“Huh,” she muses, moving onto the next photo. “Right. Everly must have taken it. You know, I’m surprised you still have these.”
I glance up at her, frowning. “Why?”
She gives me a quick smile. “I don’t know. I guess when I heard you left I just pictured you leaving every trace of me, of the school, of everything behind.”
I feel the blackened guilt roll through me as it sometimes does. I pick up my beer and the camera strap and then I sit on the bed on the other side of the Pentax. “Believe it or not, I didn’t want to go.” I pause. “After we broke up, everything fell apart. Getting expelled was the last straw, especially so damn close to finishing school. My mother kicked me out. Said she couldn’t handle me anymore. I had a couple of days before she booked my flight back to Oslo. Part of me wanted to just move on, but I couldn’t. I knew you hated me and yet…I couldn’t let you go.” I stare at her, unsure how I’ll get her to see how sorry I am about the way I treated her. “I was a different person Shay, I never meant to hurt you. I—”
“Stop,” she says quickly, eyes flashing. She raises her beer defensively, like a barrier between us. “Please. Just stop. It’s in the past. What happened, happened, and you’re right. We were different people.”
That’s what she says, but it doesn’t explain the way she keeps her distance from me, like she thinks I’m going to screw her over again, it doesn’t explain that I can feel her anger at times, her disappointment in me. People say that you have to move on, but so many of us are tied to the past, even when we know we should let it go. Shay may say we should let bygones be bygones, but there’s something deep inside her that doesn’t want her to. Won’t let her.
And I want to know why that is.
I want to know why, when she looks at me, there’s still this battle, this war behind her eyes, like she won’t ever be able to forgive me and yet wishes she could. Is it a pride thing? Or did I hurt her in ways I can’t even imagine? After so many years, none of this should matter anymore, and yet…
I reach out for the camera and clip on the strap, then hold it out for her. “Here. This is yours now.”
“What do you mean?”
“I mean I told you I have a lot of cameras and I know that you need one.”
“This is a film camera, Anders.”
“So? Don’t you believe in the magic of that anymore? The wait to see what you’ve captured?”
She shakes her head, chuckling softly. “I take a picture and I post it to Instagram right away. There is no waiting with me.”
“That’s not true,” I tell her. “You take many, many, many photos, then you edit the photos, then you post. You’ve learned a little bit about patience. You just have to stretch it out more. Don’t you know how good delayed gratification feels? When you finally get what you’ve been waiting for?”
My voice is husky now, and from the way that pink is creeping up on her cheeks, I can tell she feels all the innuendo I’ve loaded into those sentences. Still, she doesn’t bite. She has more patience than she realizes.
She clears her throat. “I can’t accept this camera.”

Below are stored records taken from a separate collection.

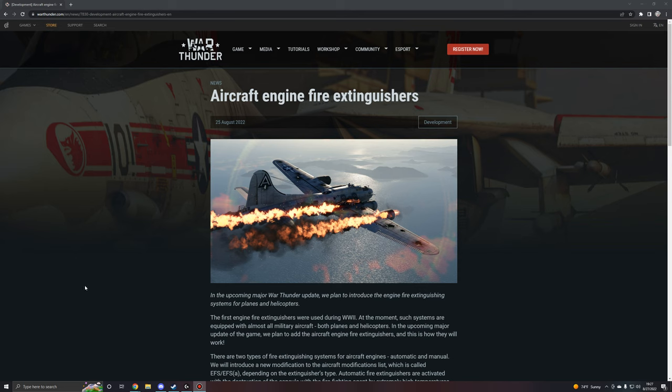Hello everybody and welcome to another War Thunder upcoming content video. We've got a new feature today, one that's been awaited for a very long time. In fact, I think even just a few months ago, which is funny,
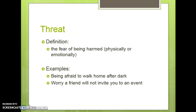Threat is the fear of being harmed, physically or emotionally. Examples are being afraid to walk home after dark, or being worried that a friend will not invite you to an event, such as a party.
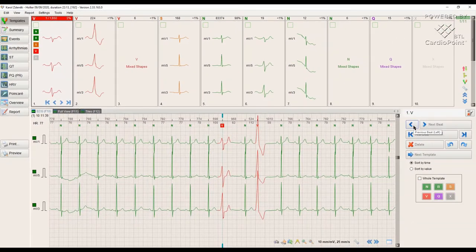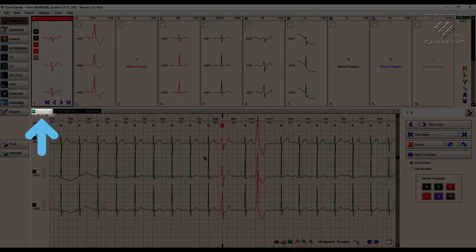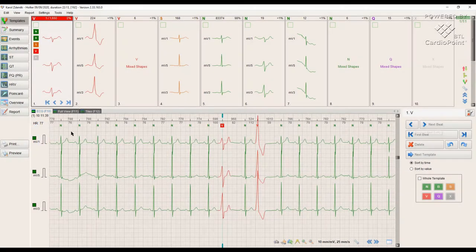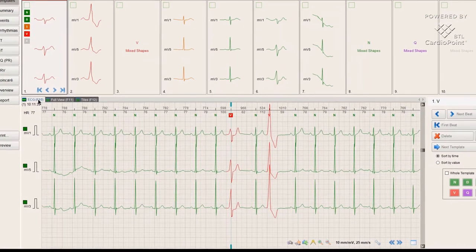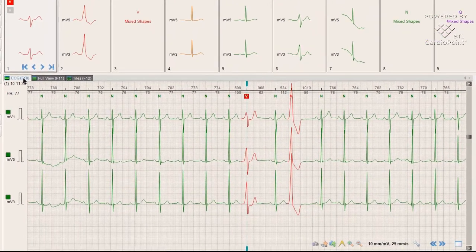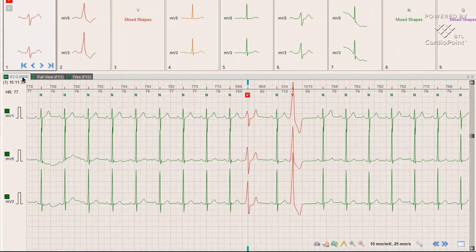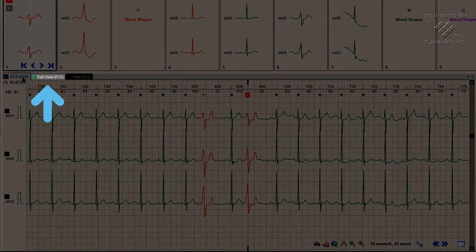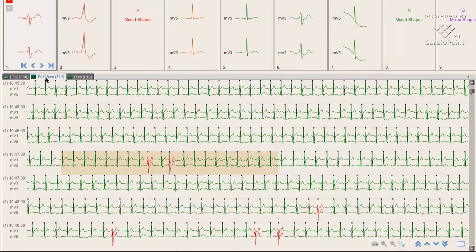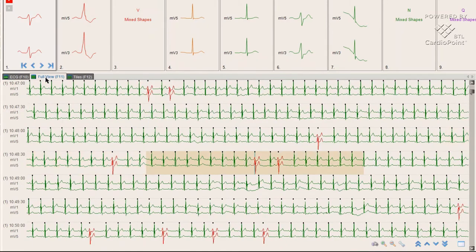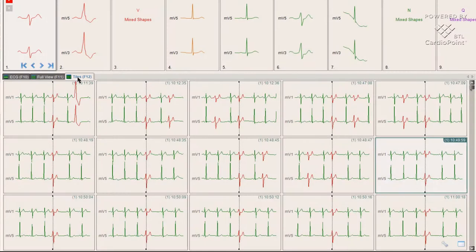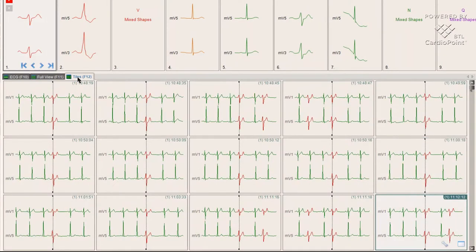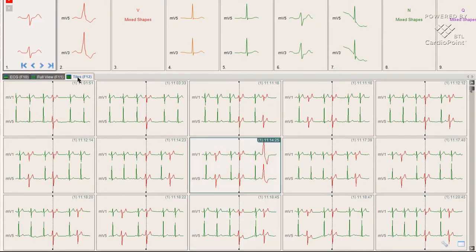To work with the template, we can choose ECG view, full view, or tiles view, which is the best solution for a large number of beats since it allows us to see several contractions simultaneously.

“Please,” I tell her, and I reach out, closing my hand over hers, pressing it against the Pentax. I’m leaning in close, the smell of her shampoo making my heart skip a beat, my blood to run hot. “This is yours now. My gift to you. It’s the least I can do.”

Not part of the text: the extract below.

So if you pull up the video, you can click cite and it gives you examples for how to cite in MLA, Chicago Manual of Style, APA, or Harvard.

She rubs her lips together, staring deep into my eyes. “You’ve done enough,” she says softly. She waves the beer in my face. “Letting me drink your beer…”
“Astrid’s beer.”
“Your sister’s beer. Letting me stay in your house.”

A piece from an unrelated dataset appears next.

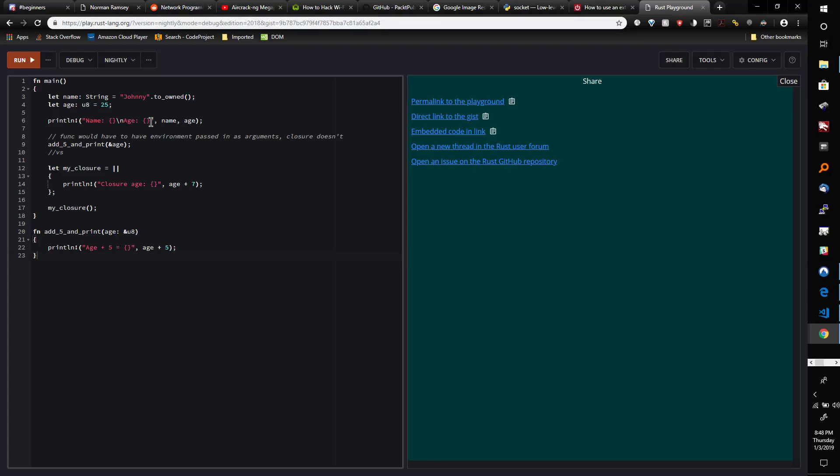But what I do want to do is clear up why you would use a closure and what's the main difference between a closure and a regular function.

I grin at her. “Technically you’re earning your keep by helping out on the farm.” I press my hands in harder and then pull back, getting to my feet. “Keep the camera. We’ll get you some film tomorrow and you can start shooting.”
She stares at the camera like she’s been entrusted with a child. “And you have a place to develop film in Todalen?”
“Of course. Ol’ Thor Ragnorok down the street has a one-hour photo shop in his closet.”
“Thor Ragnorok?” she repeats. Then she laughs and hits me on the arm. Hard. “Shut up!”
Fuck, I love the sound of her laughter. It feels beyond good to hear the happiness in her voice, even if it’s at the expense of me pulling her leg.
It gives me hope.
After that, we spent the rest of the night in my room, going through pictures, old cameras, souvenirs, weird things I used to collect like skeleton keys, lighters, bottle caps, carved stone butter knives, and candle holders. We drank beer and talked about the old times, ignoring the ugly bits at the end of our relationship. I even read her some of my terrible poetry from back in the day, then went through all the old photos that I could find.